(Records from a dataset)

• • •

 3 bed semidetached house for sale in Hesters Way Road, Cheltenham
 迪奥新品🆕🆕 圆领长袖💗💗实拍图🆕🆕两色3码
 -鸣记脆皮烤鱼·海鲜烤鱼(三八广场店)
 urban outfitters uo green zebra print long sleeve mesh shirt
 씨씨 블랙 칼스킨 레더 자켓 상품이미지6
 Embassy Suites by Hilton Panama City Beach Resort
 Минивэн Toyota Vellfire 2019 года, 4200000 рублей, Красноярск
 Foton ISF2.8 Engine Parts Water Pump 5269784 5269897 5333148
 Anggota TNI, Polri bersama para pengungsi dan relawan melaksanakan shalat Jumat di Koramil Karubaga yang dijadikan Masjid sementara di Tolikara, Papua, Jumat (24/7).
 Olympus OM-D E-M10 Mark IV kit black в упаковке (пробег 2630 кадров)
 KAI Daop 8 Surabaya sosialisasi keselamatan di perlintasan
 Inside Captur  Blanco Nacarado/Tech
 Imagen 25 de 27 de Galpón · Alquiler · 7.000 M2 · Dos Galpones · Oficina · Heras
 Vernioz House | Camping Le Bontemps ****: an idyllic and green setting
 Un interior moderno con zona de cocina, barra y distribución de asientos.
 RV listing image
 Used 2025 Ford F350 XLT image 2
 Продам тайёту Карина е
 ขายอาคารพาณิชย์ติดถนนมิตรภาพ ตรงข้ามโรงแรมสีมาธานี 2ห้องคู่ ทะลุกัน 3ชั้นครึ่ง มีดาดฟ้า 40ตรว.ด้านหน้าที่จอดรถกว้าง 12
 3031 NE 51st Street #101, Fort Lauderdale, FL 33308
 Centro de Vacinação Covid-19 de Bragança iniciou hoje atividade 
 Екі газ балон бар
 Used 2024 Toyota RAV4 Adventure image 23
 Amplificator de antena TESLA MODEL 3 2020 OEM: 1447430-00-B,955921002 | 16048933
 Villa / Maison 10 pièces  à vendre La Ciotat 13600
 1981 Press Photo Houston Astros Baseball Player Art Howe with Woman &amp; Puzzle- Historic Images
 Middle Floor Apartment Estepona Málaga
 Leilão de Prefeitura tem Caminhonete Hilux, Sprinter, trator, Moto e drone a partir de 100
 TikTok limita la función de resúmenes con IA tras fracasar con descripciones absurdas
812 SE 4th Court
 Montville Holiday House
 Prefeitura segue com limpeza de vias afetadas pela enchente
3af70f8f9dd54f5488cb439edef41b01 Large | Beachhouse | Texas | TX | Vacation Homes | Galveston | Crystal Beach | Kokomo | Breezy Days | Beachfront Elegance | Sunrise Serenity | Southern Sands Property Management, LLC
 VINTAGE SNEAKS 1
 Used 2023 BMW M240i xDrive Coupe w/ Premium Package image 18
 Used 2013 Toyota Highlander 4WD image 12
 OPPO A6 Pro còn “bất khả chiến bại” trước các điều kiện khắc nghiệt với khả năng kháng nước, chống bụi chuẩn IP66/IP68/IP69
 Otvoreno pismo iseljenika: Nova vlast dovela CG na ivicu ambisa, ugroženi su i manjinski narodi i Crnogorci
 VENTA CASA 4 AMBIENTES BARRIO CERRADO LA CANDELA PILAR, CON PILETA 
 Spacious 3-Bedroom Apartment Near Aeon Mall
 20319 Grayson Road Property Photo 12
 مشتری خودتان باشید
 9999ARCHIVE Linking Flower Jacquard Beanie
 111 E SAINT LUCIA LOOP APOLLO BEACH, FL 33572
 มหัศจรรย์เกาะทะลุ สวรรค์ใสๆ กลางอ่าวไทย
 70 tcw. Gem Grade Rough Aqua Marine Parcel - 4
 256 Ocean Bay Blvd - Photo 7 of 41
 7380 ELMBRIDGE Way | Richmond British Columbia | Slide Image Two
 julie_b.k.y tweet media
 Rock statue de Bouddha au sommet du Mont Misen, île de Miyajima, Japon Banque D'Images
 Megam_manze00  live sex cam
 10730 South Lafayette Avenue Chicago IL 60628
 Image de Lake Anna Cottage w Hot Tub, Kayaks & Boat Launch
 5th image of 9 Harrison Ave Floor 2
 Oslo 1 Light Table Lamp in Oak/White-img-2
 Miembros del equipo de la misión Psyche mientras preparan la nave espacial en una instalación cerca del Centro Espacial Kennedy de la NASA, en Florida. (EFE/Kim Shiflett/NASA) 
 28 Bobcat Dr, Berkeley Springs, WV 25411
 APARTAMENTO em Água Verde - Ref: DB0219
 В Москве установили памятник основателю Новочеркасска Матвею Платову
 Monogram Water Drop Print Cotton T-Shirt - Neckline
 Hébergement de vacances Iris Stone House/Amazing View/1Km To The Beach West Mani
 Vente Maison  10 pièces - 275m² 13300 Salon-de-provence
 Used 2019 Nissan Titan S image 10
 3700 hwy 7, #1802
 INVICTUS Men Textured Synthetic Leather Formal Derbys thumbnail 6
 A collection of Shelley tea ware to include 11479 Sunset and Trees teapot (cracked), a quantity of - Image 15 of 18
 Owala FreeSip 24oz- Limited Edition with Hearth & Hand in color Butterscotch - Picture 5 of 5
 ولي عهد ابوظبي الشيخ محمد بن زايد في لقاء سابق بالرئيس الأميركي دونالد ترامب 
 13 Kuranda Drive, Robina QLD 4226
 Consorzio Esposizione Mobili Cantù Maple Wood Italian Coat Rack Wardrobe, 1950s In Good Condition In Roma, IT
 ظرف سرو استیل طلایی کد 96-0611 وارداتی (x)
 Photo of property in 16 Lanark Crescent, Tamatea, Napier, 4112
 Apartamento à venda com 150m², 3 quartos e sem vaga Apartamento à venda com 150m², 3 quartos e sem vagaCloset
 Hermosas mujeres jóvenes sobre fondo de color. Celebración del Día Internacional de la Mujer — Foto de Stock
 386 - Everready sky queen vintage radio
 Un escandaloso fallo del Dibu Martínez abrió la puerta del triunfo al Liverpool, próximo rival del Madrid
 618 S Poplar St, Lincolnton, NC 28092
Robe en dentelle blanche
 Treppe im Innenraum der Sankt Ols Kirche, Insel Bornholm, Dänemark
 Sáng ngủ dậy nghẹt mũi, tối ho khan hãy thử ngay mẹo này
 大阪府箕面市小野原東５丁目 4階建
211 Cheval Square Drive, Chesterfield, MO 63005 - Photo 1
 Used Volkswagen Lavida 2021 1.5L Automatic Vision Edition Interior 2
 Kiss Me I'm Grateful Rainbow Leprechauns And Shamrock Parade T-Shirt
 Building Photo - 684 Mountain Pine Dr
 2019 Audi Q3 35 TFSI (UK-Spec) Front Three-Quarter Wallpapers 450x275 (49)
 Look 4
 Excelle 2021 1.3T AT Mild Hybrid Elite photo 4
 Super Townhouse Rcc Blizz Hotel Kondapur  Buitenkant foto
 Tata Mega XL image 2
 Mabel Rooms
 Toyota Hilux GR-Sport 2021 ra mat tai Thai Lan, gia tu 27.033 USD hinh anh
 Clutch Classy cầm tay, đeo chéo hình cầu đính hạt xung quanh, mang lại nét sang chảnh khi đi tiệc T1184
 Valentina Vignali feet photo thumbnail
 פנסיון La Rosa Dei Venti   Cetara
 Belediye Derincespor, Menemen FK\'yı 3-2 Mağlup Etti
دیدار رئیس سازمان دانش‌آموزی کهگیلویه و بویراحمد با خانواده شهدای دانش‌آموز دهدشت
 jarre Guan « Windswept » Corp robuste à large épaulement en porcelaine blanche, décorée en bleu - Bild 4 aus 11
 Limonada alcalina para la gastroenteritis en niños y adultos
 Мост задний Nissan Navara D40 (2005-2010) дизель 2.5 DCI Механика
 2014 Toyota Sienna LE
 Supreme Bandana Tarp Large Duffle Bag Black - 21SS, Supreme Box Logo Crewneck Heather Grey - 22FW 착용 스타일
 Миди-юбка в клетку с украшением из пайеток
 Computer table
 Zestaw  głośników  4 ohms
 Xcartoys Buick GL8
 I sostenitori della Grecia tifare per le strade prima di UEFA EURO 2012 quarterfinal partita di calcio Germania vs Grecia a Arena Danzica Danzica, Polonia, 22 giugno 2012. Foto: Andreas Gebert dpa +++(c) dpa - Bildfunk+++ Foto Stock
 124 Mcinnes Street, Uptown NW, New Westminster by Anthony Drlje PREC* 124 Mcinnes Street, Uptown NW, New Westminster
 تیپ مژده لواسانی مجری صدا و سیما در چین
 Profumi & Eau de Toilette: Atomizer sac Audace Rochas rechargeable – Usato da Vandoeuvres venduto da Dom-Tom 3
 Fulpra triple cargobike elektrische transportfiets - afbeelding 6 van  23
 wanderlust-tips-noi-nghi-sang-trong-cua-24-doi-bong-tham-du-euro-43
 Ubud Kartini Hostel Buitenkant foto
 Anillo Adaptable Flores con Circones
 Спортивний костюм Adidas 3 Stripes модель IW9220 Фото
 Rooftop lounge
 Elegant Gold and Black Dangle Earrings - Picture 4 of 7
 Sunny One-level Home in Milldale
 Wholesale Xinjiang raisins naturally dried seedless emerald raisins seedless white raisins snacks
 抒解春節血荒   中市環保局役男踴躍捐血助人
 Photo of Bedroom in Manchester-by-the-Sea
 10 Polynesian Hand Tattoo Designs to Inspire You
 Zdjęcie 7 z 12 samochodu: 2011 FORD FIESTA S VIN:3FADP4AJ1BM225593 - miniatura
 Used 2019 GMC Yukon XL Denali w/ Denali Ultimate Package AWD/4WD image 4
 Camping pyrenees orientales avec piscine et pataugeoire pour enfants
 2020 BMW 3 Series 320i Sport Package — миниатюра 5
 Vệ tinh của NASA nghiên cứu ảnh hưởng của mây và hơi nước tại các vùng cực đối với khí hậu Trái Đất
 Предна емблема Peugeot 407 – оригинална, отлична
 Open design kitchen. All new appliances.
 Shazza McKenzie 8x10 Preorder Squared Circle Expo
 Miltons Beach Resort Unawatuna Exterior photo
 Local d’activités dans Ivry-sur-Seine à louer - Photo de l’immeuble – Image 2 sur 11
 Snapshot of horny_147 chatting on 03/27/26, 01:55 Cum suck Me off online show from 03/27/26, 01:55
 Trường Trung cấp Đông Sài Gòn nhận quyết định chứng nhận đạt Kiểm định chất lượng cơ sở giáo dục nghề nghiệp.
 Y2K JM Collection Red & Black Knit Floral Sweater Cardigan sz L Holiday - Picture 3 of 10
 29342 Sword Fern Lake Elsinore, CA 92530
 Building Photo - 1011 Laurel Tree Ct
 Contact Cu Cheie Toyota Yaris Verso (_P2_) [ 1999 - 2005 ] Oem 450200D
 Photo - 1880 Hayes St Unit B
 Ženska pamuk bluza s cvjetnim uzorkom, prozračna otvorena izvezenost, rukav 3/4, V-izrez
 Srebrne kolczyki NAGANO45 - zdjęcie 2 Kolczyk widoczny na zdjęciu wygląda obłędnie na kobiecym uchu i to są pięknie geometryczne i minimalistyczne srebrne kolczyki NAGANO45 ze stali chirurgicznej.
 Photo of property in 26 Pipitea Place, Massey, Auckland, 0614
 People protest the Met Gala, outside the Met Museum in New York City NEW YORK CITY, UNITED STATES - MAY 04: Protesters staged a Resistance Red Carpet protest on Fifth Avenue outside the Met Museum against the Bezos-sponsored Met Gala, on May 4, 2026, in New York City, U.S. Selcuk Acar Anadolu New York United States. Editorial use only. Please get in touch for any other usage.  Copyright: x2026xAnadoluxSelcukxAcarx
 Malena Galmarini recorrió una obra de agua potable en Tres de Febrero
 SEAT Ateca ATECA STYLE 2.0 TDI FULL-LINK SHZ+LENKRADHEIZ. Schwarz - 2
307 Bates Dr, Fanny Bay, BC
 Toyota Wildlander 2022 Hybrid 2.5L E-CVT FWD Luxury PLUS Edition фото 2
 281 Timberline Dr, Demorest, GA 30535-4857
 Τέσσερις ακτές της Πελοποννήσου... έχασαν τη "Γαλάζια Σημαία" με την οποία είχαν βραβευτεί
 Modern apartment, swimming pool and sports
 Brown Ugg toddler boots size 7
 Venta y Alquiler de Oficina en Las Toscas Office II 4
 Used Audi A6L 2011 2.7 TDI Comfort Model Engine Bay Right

• • •

PROBLEM STATEMENT
Above are the records; copy exactly the lines from the line with "28 Bobcat Dr, Berkeley Springs, WV 25411" through the line with "Hermosas mujeres jóvenes", both included.

TASK SOLUTION
 28 Bobcat Dr, Berkeley Springs, WV 25411
 APARTAMENTO em Água Verde - Ref: DB0219
 В Москве установили памятник основателю Новочеркасска Матвею Платову
 Monogram Water Drop Print Cotton T-Shirt - Neckline
 Hébergement de vacances Iris Stone House/Amazing View/1Km To The Beach West Mani
 Vente Maison  10 pièces - 275m² 13300 Salon-de-provence
 Used 2019 Nissan Titan S image 10
 3700 hwy 7, #1802
 INVICTUS Men Textured Synthetic Leather Formal Derbys thumbnail 6
 A collection of Shelley tea ware to include 11479 Sunset and Trees teapot (cracked), a quantity of - Image 15 of 18
 Owala FreeSip 24oz- Limited Edition with Hearth & Hand in color Butterscotch - Picture 5 of 5
 ولي عهد ابوظبي الشيخ محمد بن زايد في لقاء سابق بالرئيس الأميركي دونالد ترامب 
 13 Kuranda Drive, Robina QLD 4226
 Consorzio Esposizione Mobili Cantù Maple Wood Italian Coat Rack Wardrobe, 1950s In Good Condition In Roma, IT
 ظرف سرو استیل طلایی کد 96-0611 وارداتی (x)
 Photo of property in 16 Lanark Crescent, Tamatea, Napier, 4112
 Apartamento à venda com 150m², 3 quartos e sem vaga Apartamento à venda com 150m², 3 quartos e sem vagaCloset
 Hermosas mujeres jóvenes sobre fondo de color. Celebración del Día Internacional de la Mujer — Foto de Stock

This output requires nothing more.